Task to carry out:
Your response should be every line from the entries that includes the string "Kitchen".
━━━━━━━━━━━━━━━━━━━━
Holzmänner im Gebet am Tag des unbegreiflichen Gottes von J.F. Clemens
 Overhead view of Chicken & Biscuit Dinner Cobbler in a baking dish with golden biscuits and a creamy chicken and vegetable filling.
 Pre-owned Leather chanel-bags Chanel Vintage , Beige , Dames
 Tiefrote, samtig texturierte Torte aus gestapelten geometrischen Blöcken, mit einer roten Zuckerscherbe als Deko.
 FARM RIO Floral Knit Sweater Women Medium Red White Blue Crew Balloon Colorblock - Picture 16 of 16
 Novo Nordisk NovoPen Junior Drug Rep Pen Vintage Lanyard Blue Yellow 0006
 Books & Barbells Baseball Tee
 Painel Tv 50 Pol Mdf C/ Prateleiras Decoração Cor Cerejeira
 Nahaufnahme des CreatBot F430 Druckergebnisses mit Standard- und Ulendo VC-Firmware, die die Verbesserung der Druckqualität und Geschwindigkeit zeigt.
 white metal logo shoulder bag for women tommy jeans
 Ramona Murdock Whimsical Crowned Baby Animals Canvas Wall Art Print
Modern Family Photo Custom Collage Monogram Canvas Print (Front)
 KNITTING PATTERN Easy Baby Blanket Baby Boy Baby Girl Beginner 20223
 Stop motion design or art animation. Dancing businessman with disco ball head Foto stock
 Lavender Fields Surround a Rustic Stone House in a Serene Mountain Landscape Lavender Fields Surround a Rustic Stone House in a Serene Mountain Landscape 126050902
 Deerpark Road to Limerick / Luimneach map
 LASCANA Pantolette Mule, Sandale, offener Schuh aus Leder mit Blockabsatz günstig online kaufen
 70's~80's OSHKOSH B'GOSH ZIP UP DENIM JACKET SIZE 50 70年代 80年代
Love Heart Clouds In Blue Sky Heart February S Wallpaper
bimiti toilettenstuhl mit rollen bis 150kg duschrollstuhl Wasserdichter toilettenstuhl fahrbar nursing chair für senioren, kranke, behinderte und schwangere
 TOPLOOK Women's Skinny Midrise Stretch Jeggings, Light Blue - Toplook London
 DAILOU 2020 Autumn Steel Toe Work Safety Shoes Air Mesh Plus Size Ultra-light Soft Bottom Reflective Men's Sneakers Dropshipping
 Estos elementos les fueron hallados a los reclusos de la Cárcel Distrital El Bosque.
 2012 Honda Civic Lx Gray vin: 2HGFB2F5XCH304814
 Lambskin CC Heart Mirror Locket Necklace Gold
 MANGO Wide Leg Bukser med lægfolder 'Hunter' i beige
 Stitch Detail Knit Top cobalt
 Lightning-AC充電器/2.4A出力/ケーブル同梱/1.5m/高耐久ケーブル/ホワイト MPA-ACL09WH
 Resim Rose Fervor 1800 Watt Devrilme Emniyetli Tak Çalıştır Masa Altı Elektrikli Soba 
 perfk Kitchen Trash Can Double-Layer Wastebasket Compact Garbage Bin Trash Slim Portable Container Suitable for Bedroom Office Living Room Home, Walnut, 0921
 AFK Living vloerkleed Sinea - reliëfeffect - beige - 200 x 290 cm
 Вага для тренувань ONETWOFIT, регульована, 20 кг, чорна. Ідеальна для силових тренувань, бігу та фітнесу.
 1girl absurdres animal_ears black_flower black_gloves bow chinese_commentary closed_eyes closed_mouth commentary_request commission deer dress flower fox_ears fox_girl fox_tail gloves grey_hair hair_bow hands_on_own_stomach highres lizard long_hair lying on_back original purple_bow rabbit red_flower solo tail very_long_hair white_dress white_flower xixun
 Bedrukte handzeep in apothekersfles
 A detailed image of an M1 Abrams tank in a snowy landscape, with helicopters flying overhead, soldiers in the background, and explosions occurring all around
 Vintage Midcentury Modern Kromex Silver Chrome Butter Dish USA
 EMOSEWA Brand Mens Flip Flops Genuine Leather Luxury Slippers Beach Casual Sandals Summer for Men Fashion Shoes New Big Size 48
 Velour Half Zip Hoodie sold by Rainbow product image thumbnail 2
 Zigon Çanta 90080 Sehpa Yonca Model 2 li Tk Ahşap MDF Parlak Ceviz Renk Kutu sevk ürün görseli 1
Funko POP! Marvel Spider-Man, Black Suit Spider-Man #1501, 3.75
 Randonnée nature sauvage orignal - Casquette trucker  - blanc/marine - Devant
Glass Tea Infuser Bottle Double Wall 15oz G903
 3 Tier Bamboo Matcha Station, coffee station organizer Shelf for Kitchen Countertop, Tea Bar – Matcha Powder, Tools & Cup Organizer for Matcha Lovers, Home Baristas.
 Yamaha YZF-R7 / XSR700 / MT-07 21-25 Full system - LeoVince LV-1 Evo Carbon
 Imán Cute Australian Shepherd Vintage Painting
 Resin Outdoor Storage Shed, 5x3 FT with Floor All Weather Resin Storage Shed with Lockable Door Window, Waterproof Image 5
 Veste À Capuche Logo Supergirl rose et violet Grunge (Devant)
━━━━━━━━━━━━━━━━━━━━
Output of the task:
 perfk Kitchen Trash Can Double-Layer Wastebasket Compact Garbage Bin Trash Slim Portable Container Suitable for Bedroom Office Living Room Home, Walnut, 0921
 3 Tier Bamboo Matcha Station, coffee station organizer Shelf for Kitchen Countertop, Tea Bar – Matcha Powder, Tools & Cup Organizer for Matcha Lovers, Home Baristas.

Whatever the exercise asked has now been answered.